Chilling film aims lesson at 'cool' kids
From the Anchorage Daily News:
It may be the world's first frostbite movie featuring snowboard dudes -- plus a goofy flannel-clad narrator named "Dr. O" and an upbeat musical score.
But most Anchorage parents and teachers will shiver in recognition at the scenes involving "cool" teens.
One freezing adolescent boy hops foot to foot at a school bus stop in a T-shirt and shorts, a chilling contrast to the serene girl standing beside him in a kuspuk. Two girls, minus jackets and hats, get stranded along the Seward Highway in a blizzard with their car in the ditch. A child is rushed to the emergency room, where his frozen hands get soothed in a warm-water bath.

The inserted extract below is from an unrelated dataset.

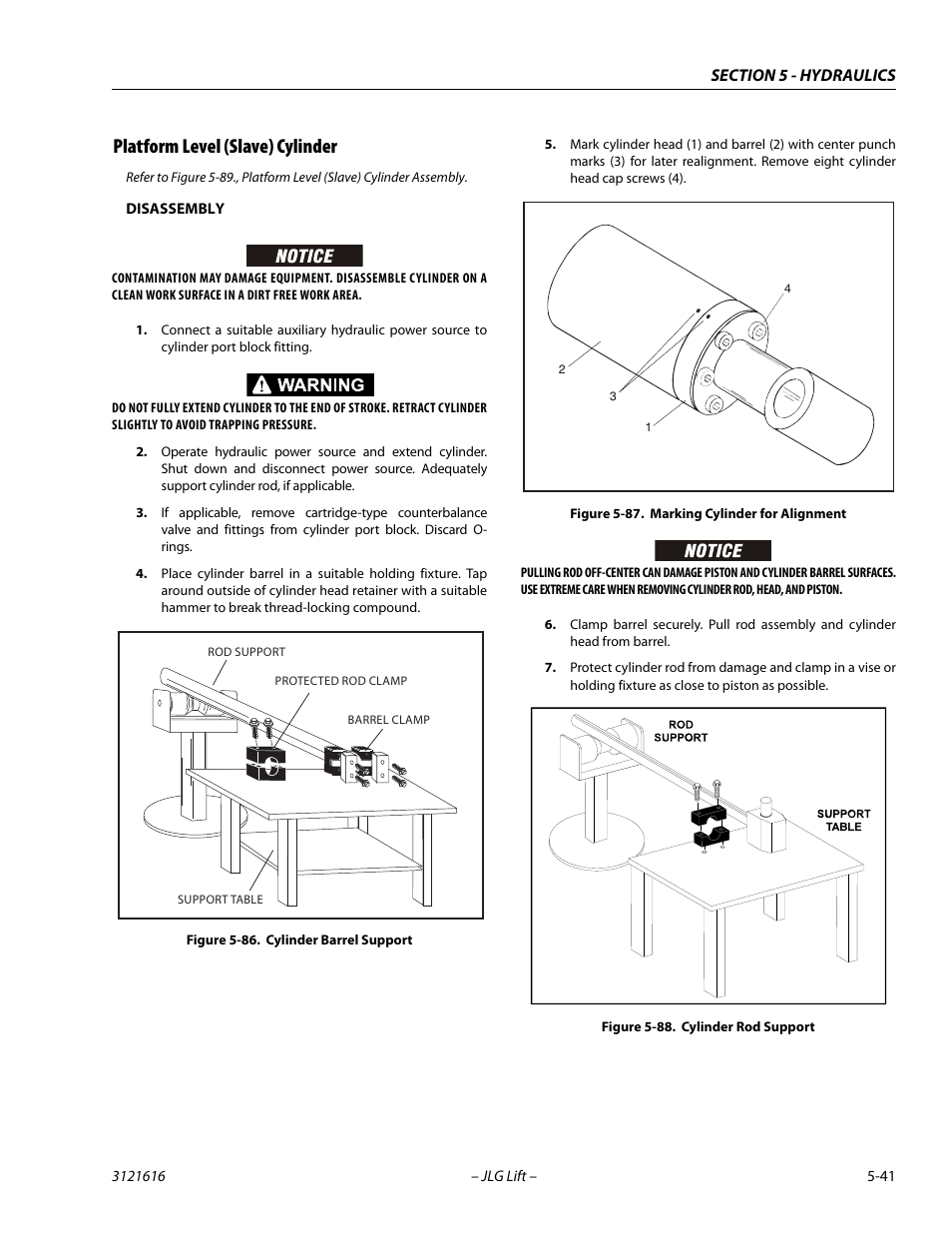 Platform level (slave) cylinder, Platform level (slave) cylinder -41, Cylinder barrel support -41 | Marking cylinder for alignment -41, Cylinder rod support -41 | JLG 660AJ Service Manual User Manual | Page 221 / 334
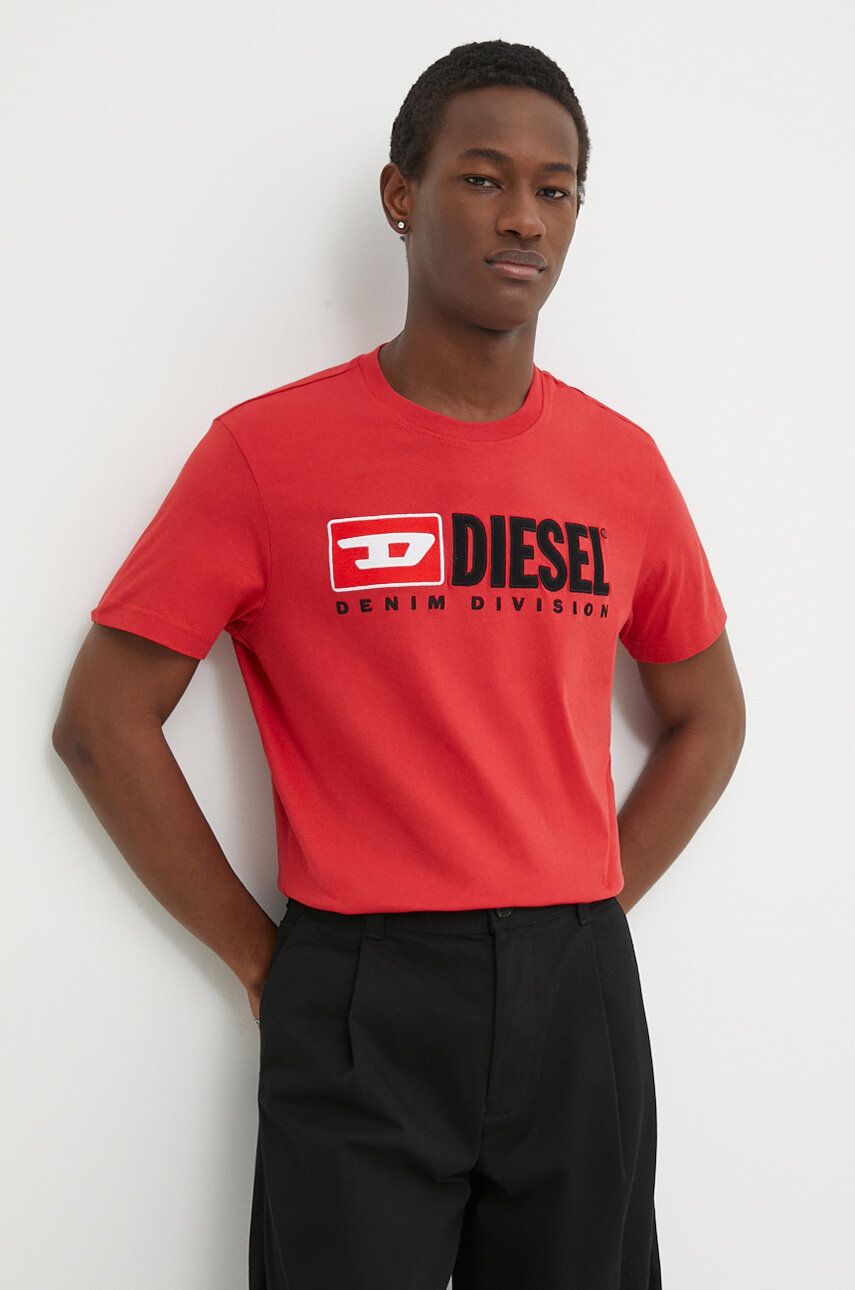 Diesel tricou din bumbac bărbați, culoarea roșu, cu imprimeu A03766.0GRAI Diesel tricou din bumbac bărbați, culoarea roșu, cu imprimeu A03766.0GRAI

The new video "Frostbite and Hypothermia" is now being distributed free to every Alaska school district -- along with a packet of classroom activities for fifth- through eighth-grade students.
But don't think of those old cautionary film strips from health class. In this video, when one cold snowboarder is taunted with "don't be a wuss," an older snowboarder wearing shades intervenes:
"You know, man, it's really not worth it. You should go in if you're cold."
And the message carries the jolt of real damaged flesh: blistered skin, blackened fingers and amputated limbs from Anchorage patients.
"The mistake I made was not stopping immediately and building a fire," says one unnamed victim, as the camera lingers on the stumps below his ankles.
The project was produced largely by three brothers from a longtime Anchorage family -- surgeon Dr. James O'Malley, kindergarten teacher Tom O'Malley and video editor Robert O'Malley, who now lives in Seattle. They plugged away on it in their spare time for about 10 years, pushing it through multiple versions and a few false starts.